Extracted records
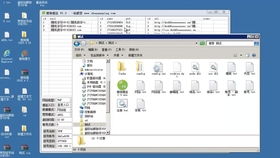 百度蜘蛛池租用:揭秘黑帽SEO教學(xué)，蜘蛛池的運用與風(fēng)險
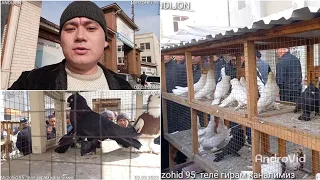 Andijon soy kabutar bozor 1.qism pigeons 2-mart, 2023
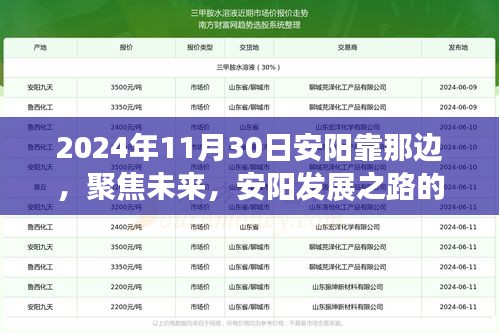 聚焦未来，安阳发展之路的探讨与展望——以2024年11月30日为观察点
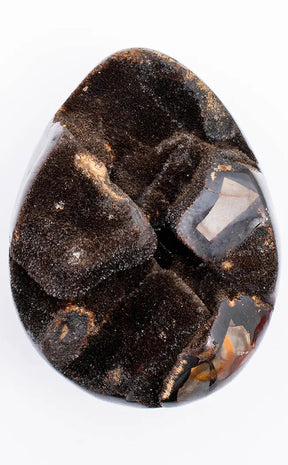 Black Druzy Dragon Egg | Natural Septarian Nodule | 970g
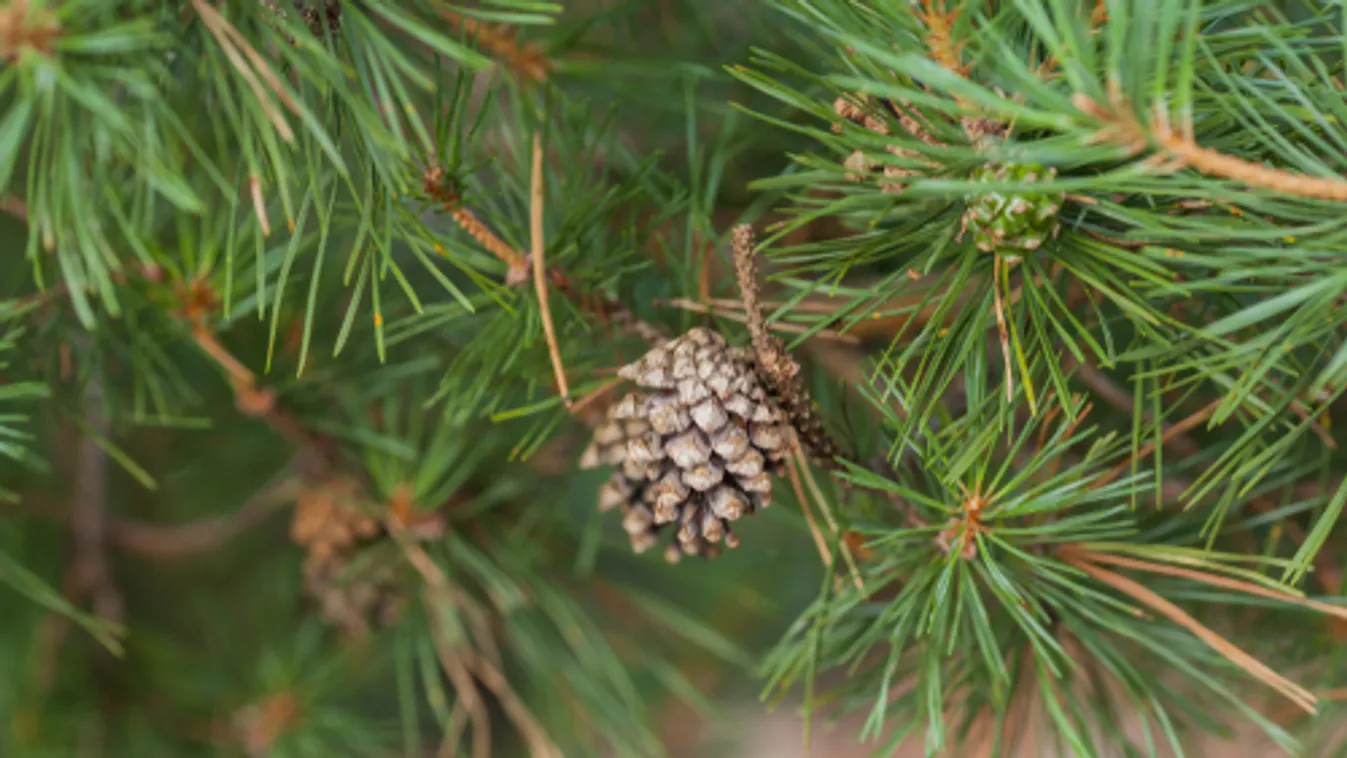Évente 10-12 milliárd forintot tesz ki a belföldi fenyőfaforgalom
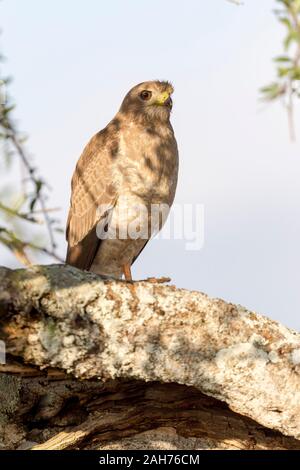 Ein einzelner juveniler östlicher oder bunter Gesang Goshawk thront auf Baum in Teilschatten, suchen, Hochformat, Sosian, Laikipia, Kenia, Afrika Stockfoto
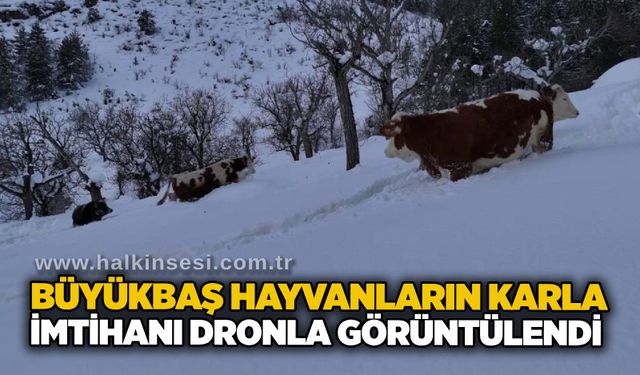Büyükbaş hayvanların karla imtihanı dronla görüntülendi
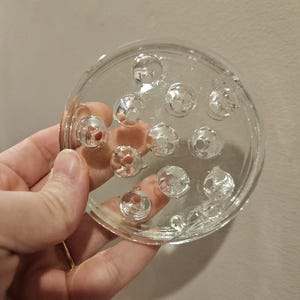 Schöner klarer Glasblumenfrosch
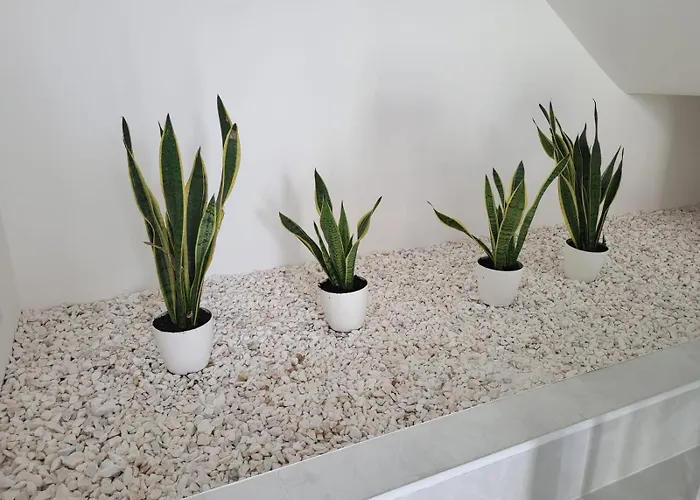 אכסניה Hostelccportimao פורטימאו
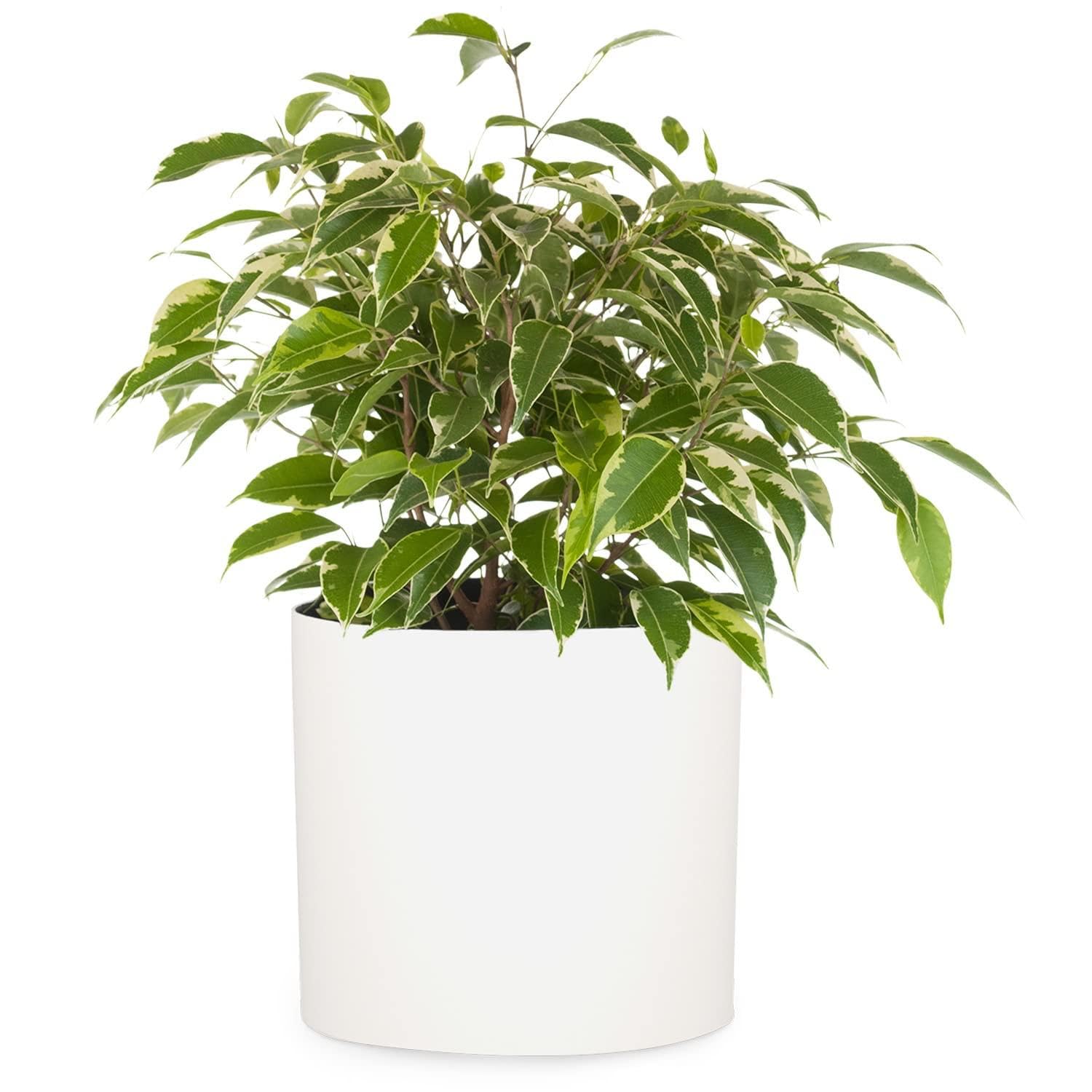Fox & Fern Vasi da Esterno, Vasi per Piante da Esterno e Interno, Resistenti a Raggi UV e Gelo, Vaso Grande da Interno con Tappo di Scarico, Fioriera da in Polystone, Vaso da Singolo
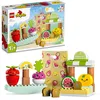 Image de LEGO DUPLO - Le marchÃ© bio - 10983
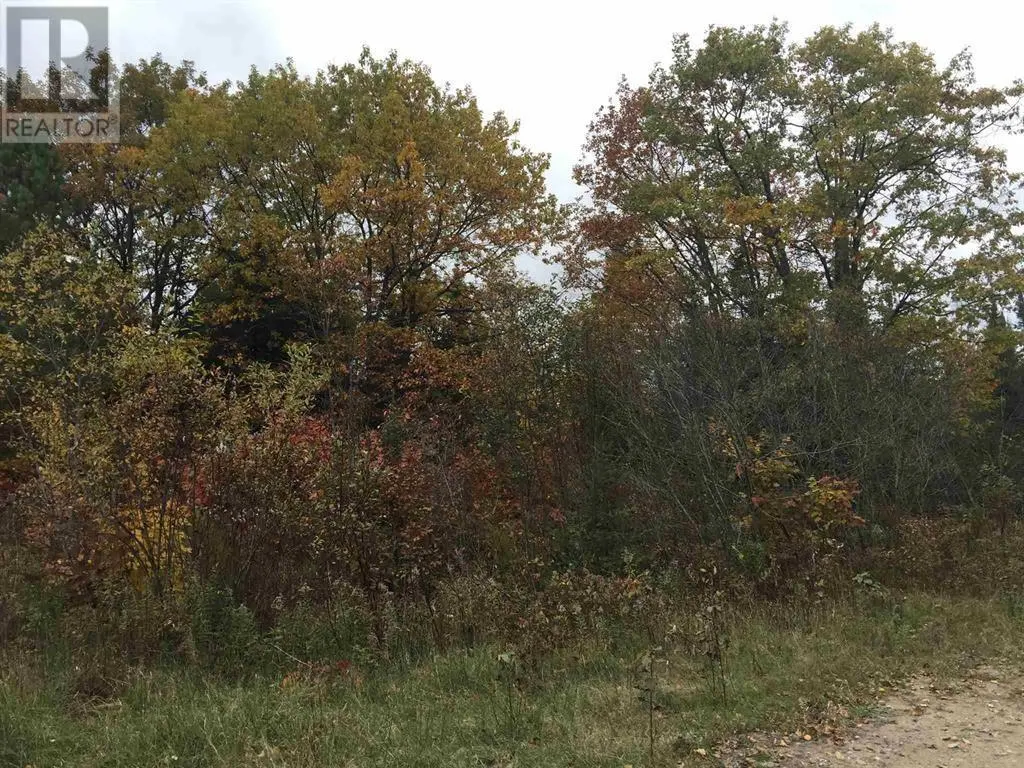 Lot 2 & 3 con Nelson DR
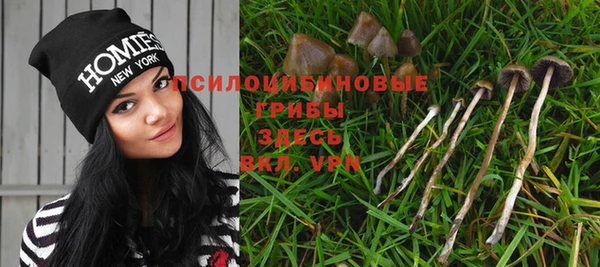 бутират Костерёво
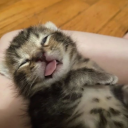 avatar BalashovRussia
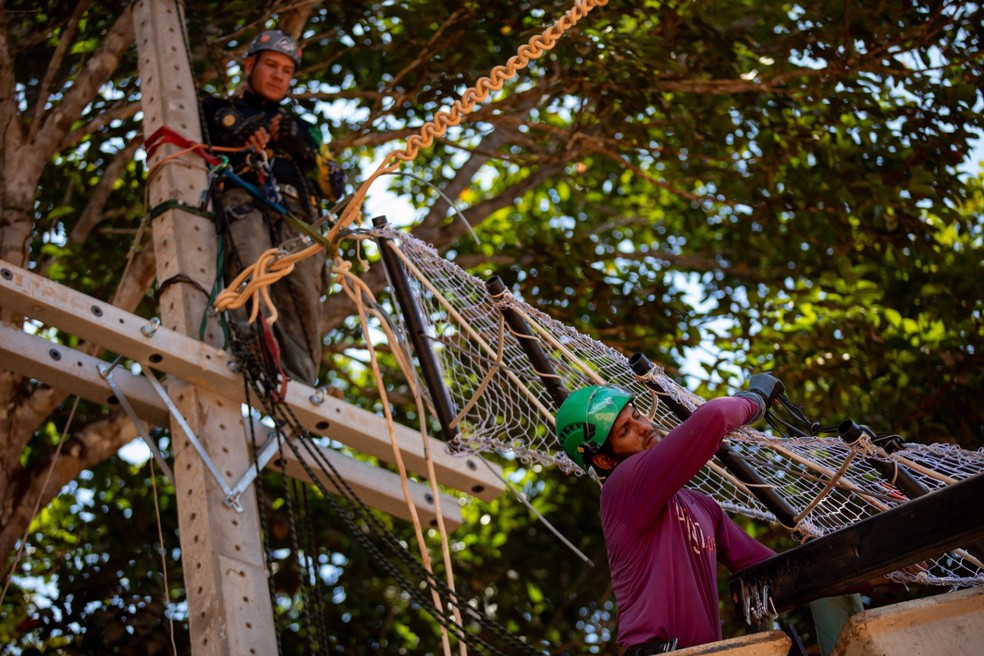 Passagem superior de fauna na BR-319 em trecho do Amazonas — Foto: Michael Dantas/WCS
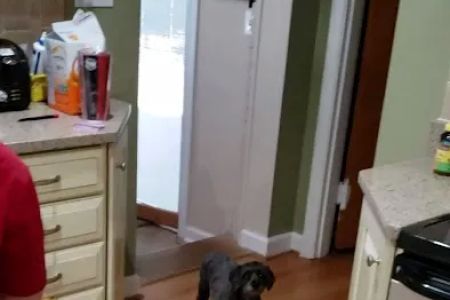 Chenoweth Lane Pet Clinic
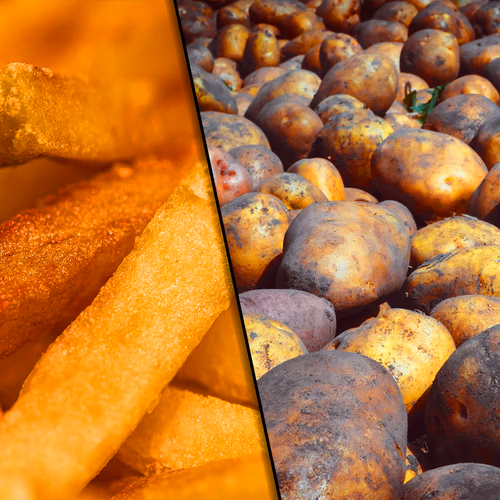 Aardappels spotgoedkoop, maar een frietje is duurder dan ooit: hoe kan dat?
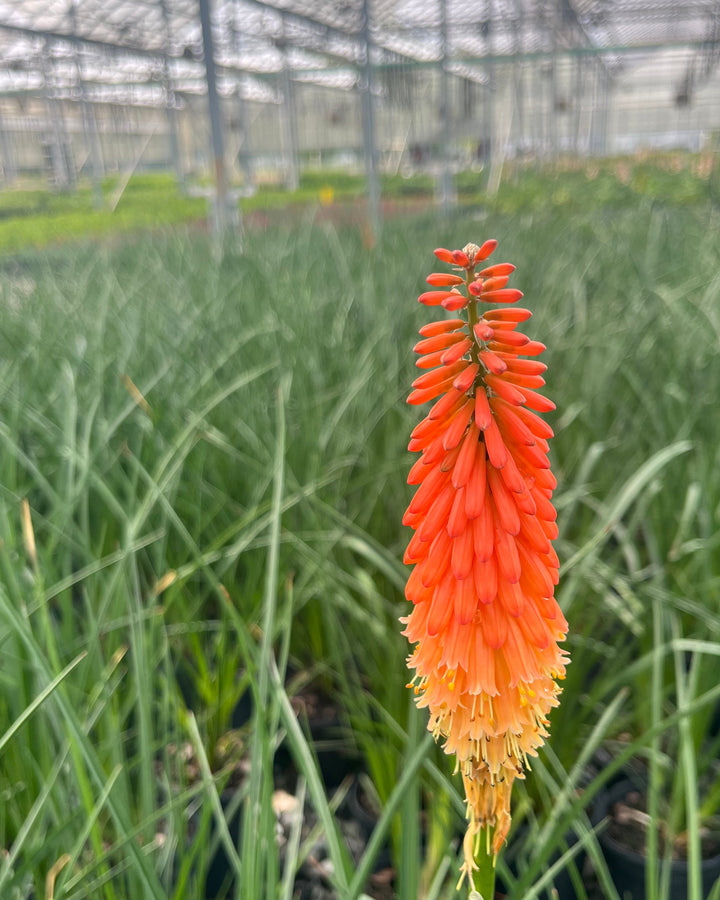 Kniphofia uvaria 'Flamenco' (Red Hot Poker)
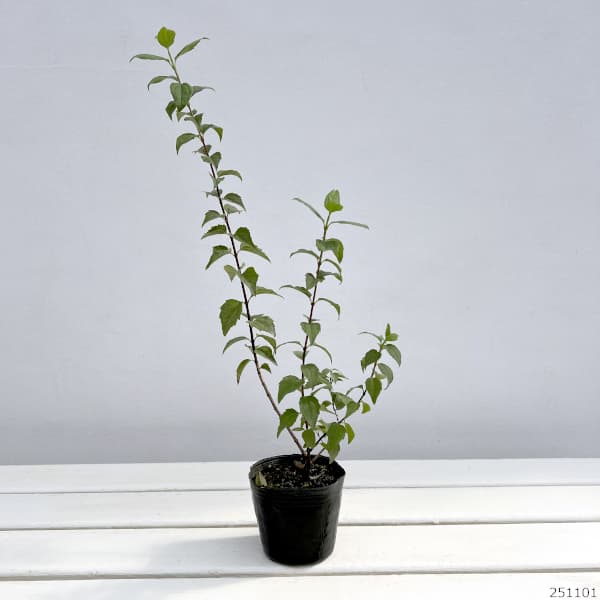 バイカウツギ（梅花ウツギ）：ベルエトワール3号ポット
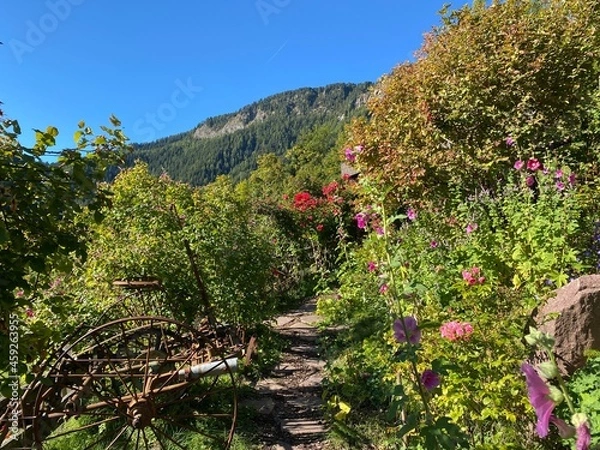 Fototapeta Rose Garden Uhrerhof (The highest rose garden in Europe) or Rosarium Uhrerhof (Höchstgelegener Rosengarten Europas) or Roseto Ortisei - South Tyrol, Italy (Südtirol, Italien)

**Exercise objective**
Would you write out exactly the lines above, starting at the line containing "Passagem superior de" and stopping after the line containing "バイカウツギ（梅花ウツギ）：ベルエトワール3号ポット"? Omit the pictures.

**Your response**
 Passagem superior de fauna na BR-319 em trecho do Amazonas — Foto: Michael Dantas/WCS
 Chenoweth Lane Pet Clinic
 Aardappels spotgoedkoop, maar een frietje is duurder dan ooit: hoe kan dat?
 Kniphofia uvaria 'Flamenco' (Red Hot Poker)
 バイカウツギ（梅花ウツギ）：ベルエトワール3号ポット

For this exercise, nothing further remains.